DaSCH Service Platform documentation
The main software framework in the back-end of the DaSCH Service Platform is called Knora (Knowledge Organization, Representation, and Annotation). Knora is a content management system for the long-term preservation and reuse of humanities data. It is designed to accommodate data with a complex internal structure, including data that could be stored in relational databases.
Knora aims to solve key problems in the long-term preservation and reuse of humanities data:
- Traditional archives preserve data, but do not facilitate reuse. Typically, only metadata can be searched, not the data itself. Downloading the data to check whether the data are interesting or not is time-consuming and makes it impractical to reuse data from many different sources. Knora solves this problem by keeping the data alive. You can query all the data in a Knora repository, not just the metadata. You can import thousands of databases into Knora, and run queries that search through all of them at once.

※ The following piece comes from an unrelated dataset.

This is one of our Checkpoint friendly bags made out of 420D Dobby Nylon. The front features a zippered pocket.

Another problem is that researchers use a multitude of different data formats, many of which are proprietary and quickly become obsolete. It is not practical to maintain all the programs that were used to create and read old data files, or even all the operating systems that these programs ran on. Instead of preserving all these data formats, Knora supports the conversion of all sorts of data to a small number of formats that are suitable for long-term preservation, and that maintain the data’s meaning and structure:
Non-binary data is stored as Resource Description Framework (RDF), in a dedicated database called a triplestore. RDF is an open, vendor-independent standard that can express any data structure. For a concise information about RDF basics see here.
Binary media files (images, audio, and video) are converted to a few specialised archival file formats and stored by the media server SIPI, with metadata stored in the triplestore. For a concise information about SIPI see here.

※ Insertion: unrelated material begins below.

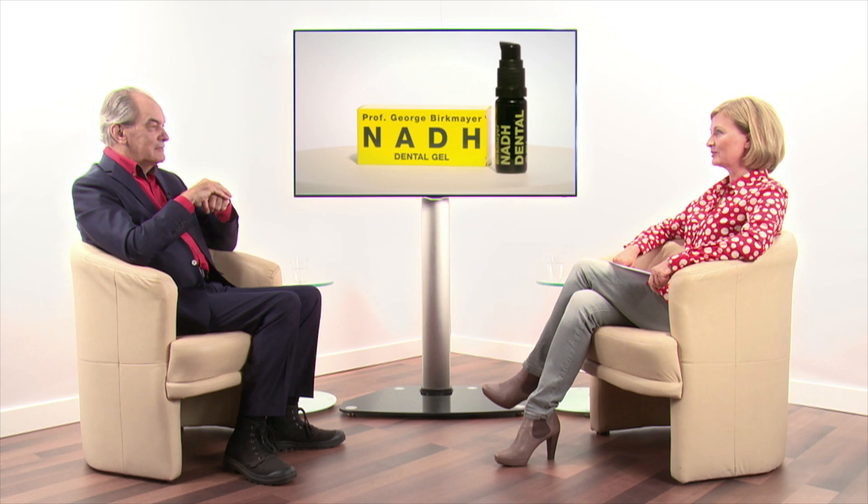Having nice teeth usually requires the gums to be nice as well, but that's not as easy to achieve as it sounds, not even by brushing your teeth three times a day. The NADH dental gel is here to help. Professor Georg Birkmaier, you developed this gel. Could you tell us a little more about it?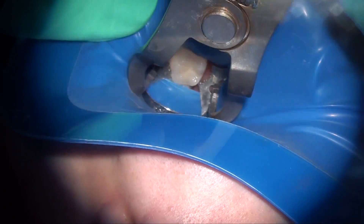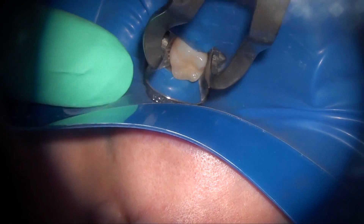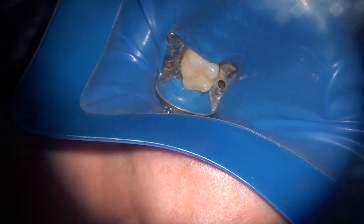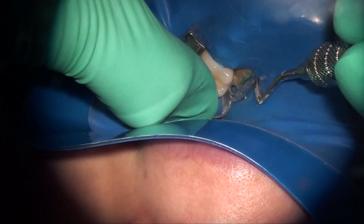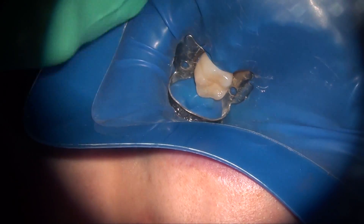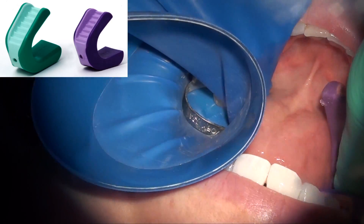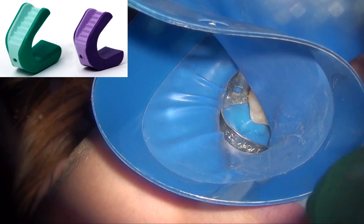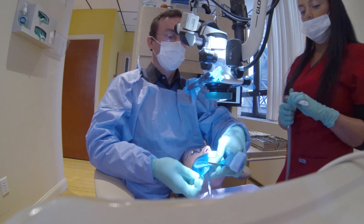I'm using a Handy Dam here to isolate the tooth using a 13A Hu-Friedy clamp, and then I'm inverting the rubber dam. You can see how quickly and easily you can isolate these individual teeth. I'm using these bite blocks by Common Sense Dental — the horseshoe shape allows you to get your fingers in there and work.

Moreover, Knora has built-in support for special data structures that occur on a regular basis in humanities data: persistent links, calender-independent dates and flexible searchable text markup.
- Persistent links are a very important feature. If a resource is changed, a new resource will be created in Knora. The older version remains available and citable, there will be no dead links. This means that if in a publication an older version is referenced, the cited version still can be displayed, but there will be a notice that a newer version exists with the corresponding link attached to it.

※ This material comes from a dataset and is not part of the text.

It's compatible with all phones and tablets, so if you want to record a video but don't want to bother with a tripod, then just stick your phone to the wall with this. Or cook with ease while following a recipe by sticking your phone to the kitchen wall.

A date could be given in any kind of calendar - e.g. the Julian, Gregorian, Jewish or Islamic - just to name the most frequent ones. Knora stores dates using the Julian day count that was established by astronomers. Use of the Julian day count easily allows for conversion from one calendar into another and to calculate distances between two dates. It is possible to search for a date in one calendar and to convert it into another one.
Commonly used text markup systems have troubles to cope with overlapping markup. Knora solves this problem by using Standoff/RDF markup where the markup is stored as RDF data, separately from the text. This enables overlapping markup. Knora’s RDF-based standoff is designed to support the needs of complex digital critical editions. Knora can import any XML document (including TEI/XML) for storage as standoff/RDF, and can regenerate the original XML document at any time.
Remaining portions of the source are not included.